An Analysis of the World's Leading robots.txt Files

A site’s robots.txt file advises the web crawlers of the worlds what files they can and can’t download. It acts as the first gatekeeper of the internet, unlike blocking the response - it lets you stop requests to your site before it happens. The interesting thing about these files is that it lays out how webmasters intend automated processes should access their websites. While it’s easy for a bot to just ignore this file, it specifies an idealized behaviour of how they should act.

As such these files are kind of important. So I thought I’d download the robots.txt file from each of the top million websites on the planet and see what kind of patterns I could find.

I got the list of the top 1 million sites from Alexa and wrote a small program to download the robots.txt file from each domain. With the data all downloaded, I ran each file through pythons urllib.robotparser package and started looking at the results.

Found in yangteacher.ru/robots.txt

Walled Gardens: Sites that ban everyone except Google

One of my pet peeves are sites that allow GoogleBot to index all of their content but ban everyone else. For instance, Facebook’s robots.txt file starts off with:

Notice: Crawling Facebook is prohibited unless you have express written permission. See: http://www.facebook.com/apps/site_scraping_tos_terms.php

This is a little hypocritical because Facebook itself started off by crawling Harvard students’ profile pages - the exact kind of activity they are trying to ban for other people now.

Requiring a written agreement to be in place before allowing crawling of your site flies in the face of the ideals of an open internet. It discourages academic research, and provides a barrier to entry to new search engines: DuckDuckGo is banned from crawling Facebook while Google isn’t for instance.

In a quixotic effort to name and shame sites that engage in this kind of behaviour, I wrote a simple script that checks for domains that let Google index their homepage - but ban everyone else. The most popular domains found that do this are:

Domain	DuckDuckGo	All English Chinese Russian French German
facebook.com		English
instagram.com		English
linkedin.com		English
netflix.com		English
github.com		English
quora.com		English
yelp.com		English
more ...

I’ve limited to domains that are in English so that it’s familiar to people reading this, but you can change the language to view international sites. I’ve also included whether the site lets DuckDuckGo index their homepage, in an effort to show just how much of an uphill battle new search engines have in getting started these days.

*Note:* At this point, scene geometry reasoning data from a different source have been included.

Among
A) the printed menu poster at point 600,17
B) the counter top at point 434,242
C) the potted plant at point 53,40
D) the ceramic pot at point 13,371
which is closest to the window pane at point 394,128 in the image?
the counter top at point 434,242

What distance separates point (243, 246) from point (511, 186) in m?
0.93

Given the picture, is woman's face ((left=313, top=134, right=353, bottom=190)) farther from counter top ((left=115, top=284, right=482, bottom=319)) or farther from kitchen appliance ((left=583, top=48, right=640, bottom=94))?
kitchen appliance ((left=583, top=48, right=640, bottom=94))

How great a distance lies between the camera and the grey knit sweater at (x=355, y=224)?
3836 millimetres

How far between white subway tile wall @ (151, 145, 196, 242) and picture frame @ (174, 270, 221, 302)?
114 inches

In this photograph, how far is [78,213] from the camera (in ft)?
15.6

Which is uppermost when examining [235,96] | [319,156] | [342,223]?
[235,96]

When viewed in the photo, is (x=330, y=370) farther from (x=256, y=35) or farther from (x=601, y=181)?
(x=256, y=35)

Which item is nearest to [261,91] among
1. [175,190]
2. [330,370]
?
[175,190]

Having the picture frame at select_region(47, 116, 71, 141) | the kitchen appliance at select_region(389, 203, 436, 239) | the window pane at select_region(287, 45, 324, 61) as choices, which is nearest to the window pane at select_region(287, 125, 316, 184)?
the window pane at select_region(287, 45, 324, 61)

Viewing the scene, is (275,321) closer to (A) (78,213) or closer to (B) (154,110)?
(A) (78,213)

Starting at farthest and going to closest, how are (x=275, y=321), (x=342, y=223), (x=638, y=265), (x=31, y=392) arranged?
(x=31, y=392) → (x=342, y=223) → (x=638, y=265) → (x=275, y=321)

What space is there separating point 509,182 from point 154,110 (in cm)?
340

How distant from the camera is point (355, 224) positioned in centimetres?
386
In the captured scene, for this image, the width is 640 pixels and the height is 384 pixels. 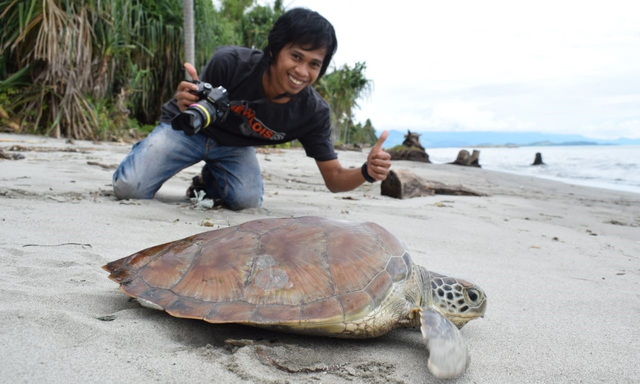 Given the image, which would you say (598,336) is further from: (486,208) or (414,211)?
(486,208)

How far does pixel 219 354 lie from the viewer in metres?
1.38

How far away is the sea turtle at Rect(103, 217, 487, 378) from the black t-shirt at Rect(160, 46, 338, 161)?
174 cm

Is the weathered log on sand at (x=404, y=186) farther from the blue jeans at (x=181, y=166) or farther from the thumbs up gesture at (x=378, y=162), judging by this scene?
the thumbs up gesture at (x=378, y=162)

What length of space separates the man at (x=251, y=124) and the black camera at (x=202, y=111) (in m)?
0.09

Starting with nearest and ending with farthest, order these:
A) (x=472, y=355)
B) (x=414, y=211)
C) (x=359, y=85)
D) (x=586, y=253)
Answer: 1. (x=472, y=355)
2. (x=586, y=253)
3. (x=414, y=211)
4. (x=359, y=85)

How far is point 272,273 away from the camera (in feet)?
5.24

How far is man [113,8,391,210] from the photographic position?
3.06 metres

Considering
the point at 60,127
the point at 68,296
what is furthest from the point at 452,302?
the point at 60,127

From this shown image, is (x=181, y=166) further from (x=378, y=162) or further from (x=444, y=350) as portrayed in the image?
(x=444, y=350)

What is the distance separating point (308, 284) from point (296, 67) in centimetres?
185

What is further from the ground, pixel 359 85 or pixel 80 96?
pixel 359 85

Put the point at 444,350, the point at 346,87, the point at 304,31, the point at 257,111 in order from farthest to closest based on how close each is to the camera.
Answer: the point at 346,87 → the point at 257,111 → the point at 304,31 → the point at 444,350

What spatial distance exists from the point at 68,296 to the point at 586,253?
10.3ft

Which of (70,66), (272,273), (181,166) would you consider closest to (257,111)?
(181,166)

Most of the top domains above - like Facebook, LinkedIn, Quora and Yelp - have one thing in common. They are hosting user-generated content that is most of the value in their own business. This data is one of the most valuable assets these businesses have, and they aren’t just going to give it away for free. To be fair though, these bans are frequently presented in terms of protecting user privacy, like in this post from Facebook’s CTO explaining the decision to ban crawlers or deep in Quora’s robots.txt where they explain why they’ve banned the wayback machine.

Farther down the list and the results aren’t quite as consistent - for instance it is not clear to me why census.gov is only allowing the 3 major search engines to access their content, but banning DuckDuckGo. You would think that this data would belong to the American people instead of just being for Google/Microsoft/Yahoo.

While I’m not a fan of this kind of behaviour, I can certainly understand the impulse to only whitelist certain crawlers given all of the bad robots that exist out there.

Bots Behaving Badly

Something else that I wanted to try out was to identify the worst web crawlers on the internet, by leveraging the collective opinion of the million robots.txt files I downloaded. To figure out which bots are the worst actors, I counted up how many different domains completely banned a useragent - and then ranked the useragents by how many times they were blocked:

user-agent	type	count
MJ12bot	SEO	15156
AhrefsBot	SEO	14561
Baiduspider	Search Engine	11473
Nutch	Search Engine	11023
ia_archiver	SEO	10477
WebCopier	Archival	9538
WebStripper	Archival	8579
Teleport	Archival	7991
Yandex	Search Engine	7910
Offline Explorer	Archival	7786
more ...

There are a couple of distinct types of bots on this list.

The first group is crawlers that gather data for SEO and marketing analysis. These firms want to get as much data possible to power their analytics - causing noticeable load on many servers. Ahrefs even brags that “AhrefsBot is the second most active crawler after Googlebot”, so it is understandable that people would get annoyed and block them. Majestic (MJ12Bot) positions itself as a competitive analysis tool, meaning that it is crawling your site in order to give business insight to your competitors - but also claims that it has the “worlds largest link index” on their homepage.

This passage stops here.